Want to see ugly photos? Work in a photo lab, I see them everyday.


----------



## Achaicus (May 26, 2015)

So I understand he is after bad photography not ugly subjects.


----------



## unpopular (May 26, 2015)

God people. This thread has proven one thing: photographers are as dumb as a box of rocks.


----------



## Solarflare (May 28, 2015)

I'm with the "beauty is in the eye of the beholder" crowd.

Thus ugliness is subjective, too.





480sparky said:


> Well, if I can't post anything made by humans, or animals, I guess that leaves out photos of my ex.


 If you concluded she belonged to either of those groups, sure.


----------



## 480sparky (May 28, 2015)

unpopular said:


> God people.
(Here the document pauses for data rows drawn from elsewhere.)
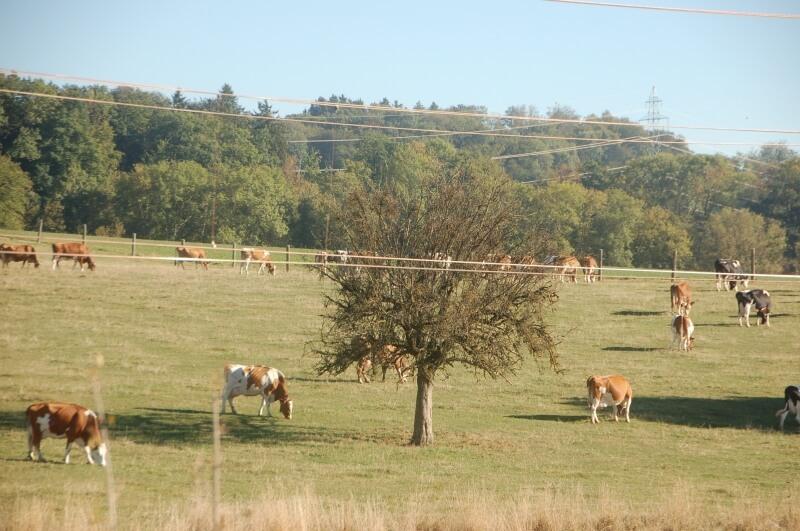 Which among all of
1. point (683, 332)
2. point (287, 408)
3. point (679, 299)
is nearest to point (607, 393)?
point (287, 408)

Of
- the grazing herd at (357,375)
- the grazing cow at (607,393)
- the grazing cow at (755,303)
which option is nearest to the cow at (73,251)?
the grazing herd at (357,375)

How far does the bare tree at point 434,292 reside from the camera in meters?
22.5

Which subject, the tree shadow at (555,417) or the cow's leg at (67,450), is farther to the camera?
the tree shadow at (555,417)

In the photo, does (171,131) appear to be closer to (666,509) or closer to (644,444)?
(644,444)

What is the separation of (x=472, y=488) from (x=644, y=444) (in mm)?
7032

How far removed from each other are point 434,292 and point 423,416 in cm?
301

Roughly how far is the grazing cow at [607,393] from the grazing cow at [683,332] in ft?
32.0

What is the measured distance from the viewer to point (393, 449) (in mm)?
22297

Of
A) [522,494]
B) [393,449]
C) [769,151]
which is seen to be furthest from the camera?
[769,151]

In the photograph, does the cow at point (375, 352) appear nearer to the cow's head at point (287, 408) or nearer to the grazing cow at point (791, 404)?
the cow's head at point (287, 408)

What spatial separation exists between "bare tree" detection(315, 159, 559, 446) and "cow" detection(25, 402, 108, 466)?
19.4 feet

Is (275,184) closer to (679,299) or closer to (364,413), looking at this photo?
(679,299)

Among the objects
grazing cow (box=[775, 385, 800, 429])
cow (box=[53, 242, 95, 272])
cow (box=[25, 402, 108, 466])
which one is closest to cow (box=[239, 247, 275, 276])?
cow (box=[53, 242, 95, 272])

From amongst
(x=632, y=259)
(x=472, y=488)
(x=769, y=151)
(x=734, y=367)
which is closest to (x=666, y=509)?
(x=472, y=488)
This thread has proven one thing: photographers are as dumb as a box of rocks.



I resemble that remark!


----------



## table1349 (May 28, 2015)

Hey, as long as my box is filled with these rocks who cares.
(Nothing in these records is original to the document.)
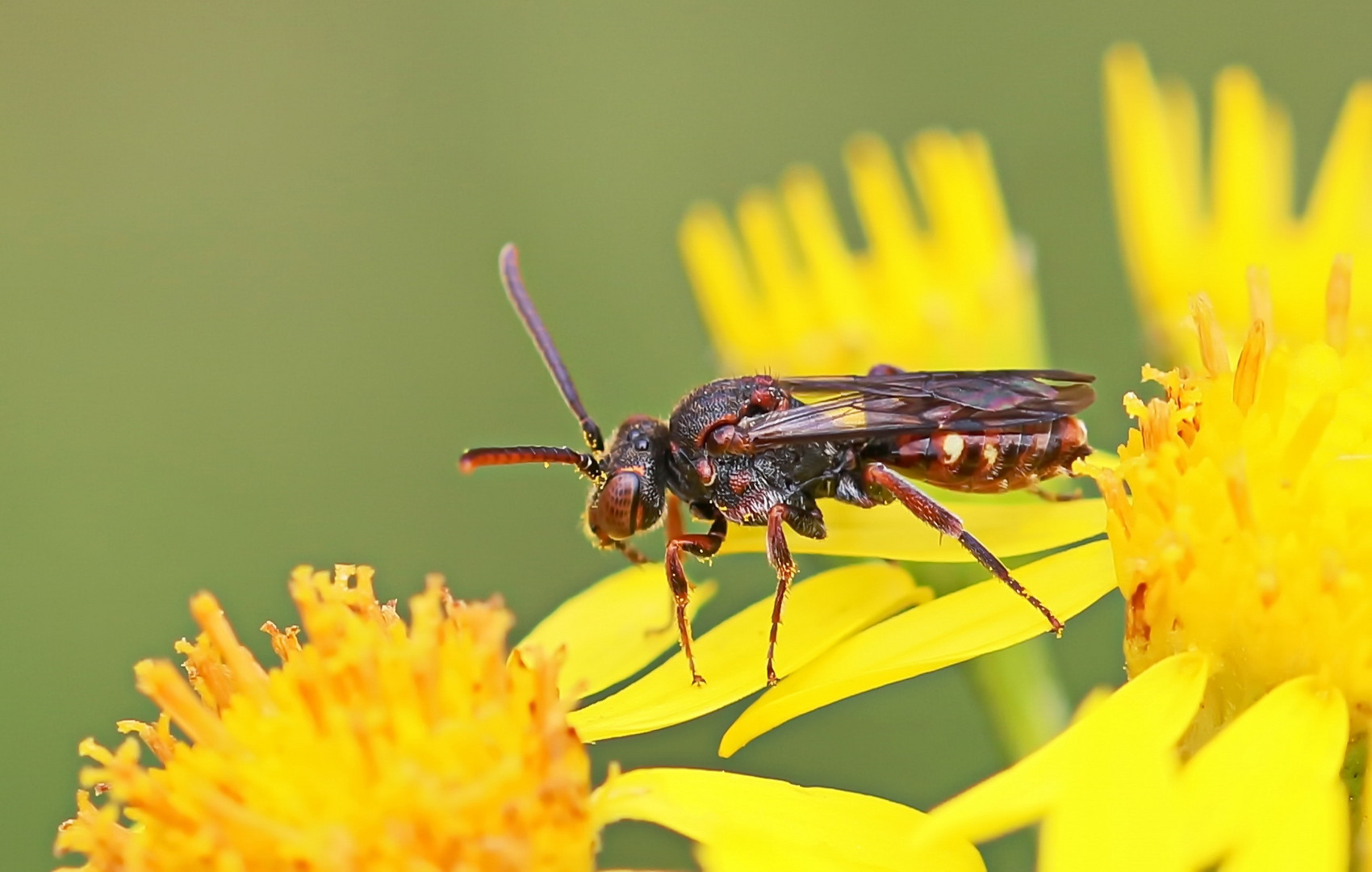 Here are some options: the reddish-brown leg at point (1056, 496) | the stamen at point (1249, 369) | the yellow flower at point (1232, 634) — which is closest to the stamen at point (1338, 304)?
the yellow flower at point (1232, 634)

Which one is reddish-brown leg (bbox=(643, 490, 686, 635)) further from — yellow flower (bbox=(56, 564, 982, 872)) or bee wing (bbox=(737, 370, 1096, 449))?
yellow flower (bbox=(56, 564, 982, 872))

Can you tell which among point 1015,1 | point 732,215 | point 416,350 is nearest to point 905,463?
point 416,350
Dumb and Rich is still RICH!!!!


----------



## unpopular (May 28, 2015)

Solarflare said:


> Thus ugliness is subjective, too.



Not for an AI researcher like the OP.


----------



## martaexv (May 28, 2015)

Actually I don't think it's totally subjective. I believe that there's a subjective part, of course, and that part depends on our personalities, styles, experiences... But I also think that there is something inside our genetic, something that tells us if something is good or not for us and that the way that our body has to tell this it's using "pleasure", pleasure that we experiment when we're looking/feeling something that we like. On the other hand, there is the opposite, the feeling that something is not good for us, that I've called "ugliness", but maybe it's not the best word for it.

In pictures, beauty/ugliness are perceived through our eyes, when we observe them. My interest in this forum is to know what you think that is not "beautiful" for a picture. Pics overexposed, without any relevant subject (as a picture where it only appears the ground...). Maybe the best "word" for the opposite of a beautiful pic is a "boring" one  Though there're people who state that "interesting" does not always imply "beautiful"


----------



## unpopular (May 28, 2015)

I think there are things that are universally disliked.  Did _anyone_ REALLY like "The Macarana"?


----------



## limr (May 28, 2015)

unpopular said:


> I think there are things that are universally disliked.  Did _anyone_ REALLY like "The Macarana"?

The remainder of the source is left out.